[Swift-devel] Re: replication vs site score

Mihael Hategan hategan at mcs.anl.gov
Wed Apr 8 10:03:07 CDT 2009


On Wed, 2009-04-08 at 16:03 +0800, Qin Zheng wrote:
> Dear Ben,
> 
> Thanks for your detailed reply and it helps me understand scheduling in Swift better.
> 
> I wrote from a researcher perspective and I understand that for
> development, there are much more practical issues and are more
> challenging. I agree with you that scheduling a task after its parents
> completes is cost effective.  It is the best "time" given all the
> updated info on the completion times of its parents.

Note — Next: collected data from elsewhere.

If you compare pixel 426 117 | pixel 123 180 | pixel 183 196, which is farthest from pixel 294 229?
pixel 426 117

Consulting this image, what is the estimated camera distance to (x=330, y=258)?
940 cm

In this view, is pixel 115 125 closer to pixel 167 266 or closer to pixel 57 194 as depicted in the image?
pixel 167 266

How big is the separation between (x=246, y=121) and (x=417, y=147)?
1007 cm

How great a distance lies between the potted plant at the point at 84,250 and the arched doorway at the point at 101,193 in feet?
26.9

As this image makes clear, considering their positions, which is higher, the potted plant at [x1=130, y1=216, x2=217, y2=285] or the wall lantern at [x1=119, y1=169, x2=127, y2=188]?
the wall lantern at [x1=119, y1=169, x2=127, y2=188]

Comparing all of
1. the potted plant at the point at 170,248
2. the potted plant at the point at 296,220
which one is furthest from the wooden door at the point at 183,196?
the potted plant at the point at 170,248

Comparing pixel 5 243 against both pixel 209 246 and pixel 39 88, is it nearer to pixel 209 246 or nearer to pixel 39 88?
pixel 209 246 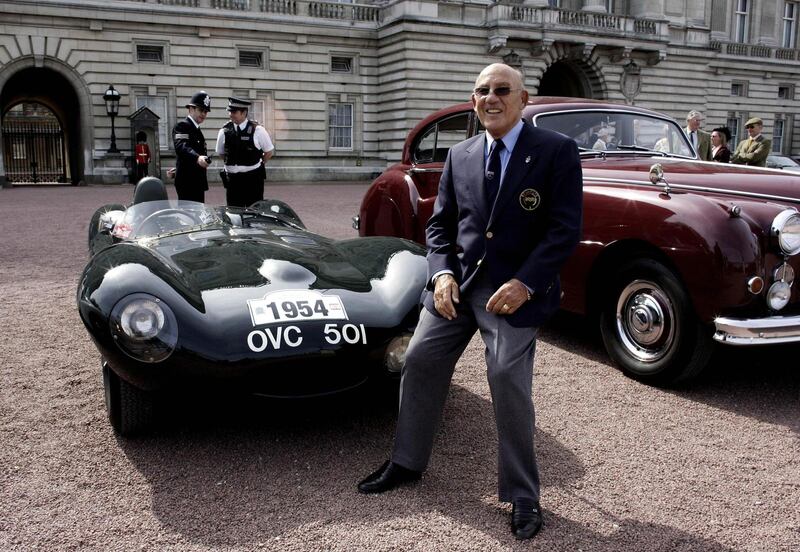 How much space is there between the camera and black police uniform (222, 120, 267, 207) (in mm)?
8359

Also, it makes
> DAG submission easy (without dependency description) and minimizes the
> number of job instances in queues.

The main reasoning was that it can be dealt with efficiently and that
planning the whole workflow buys us little in a (very) dynamic
environment in which submitting a job one minute later may mean the
difference between 1 minute of queue time and one hour of queue time
(though that's statistically a rare occurrence).

>  The concern is that at this time, the task still needs to be
> submitted in queue and wait. This may not be sufficient for workflows
> with deadlines, where certain delivery guarantee in response time is
> necessary.

You need some SLA/QOS to address that. Guessing the average queue time
does not reduce its variation hence the risk of not finishing it by the
time promised. You can use replication (i.e. race competing jobs) to
reduce that variation (assuming that it follows some reasonable
distribution), but I don't see how there could be a guarantee.

>  The same applies for other remaining tasks in the workflow.
> 
> I felt besides offline planning, runtime adaptation is necessary
> considering task duration variation (overrun) and faults. But the
> number of updates should be kept minimum and only for the very near
> future as the workflow proceeds. I am writing a paper on this and
> hopefully I could share it with you guys in a few weeks. This implies
> that the Swift code could be submitted a little bit more eagerly with
> a short-sighted look ahead.

I remember somebody mentioning (or having implemented) a similar scheme.
If we have  dependent jobs a and b, in swift that would go something
like:
Qa + Ra + Qb + Rb (where Qx - queuing time and Rx run time)

But there's also the possibility of submitting B earlier by the average
queue time or less and than having it wait until A produces its results.
But then glide-ins/coasters, that's pretty much what they do.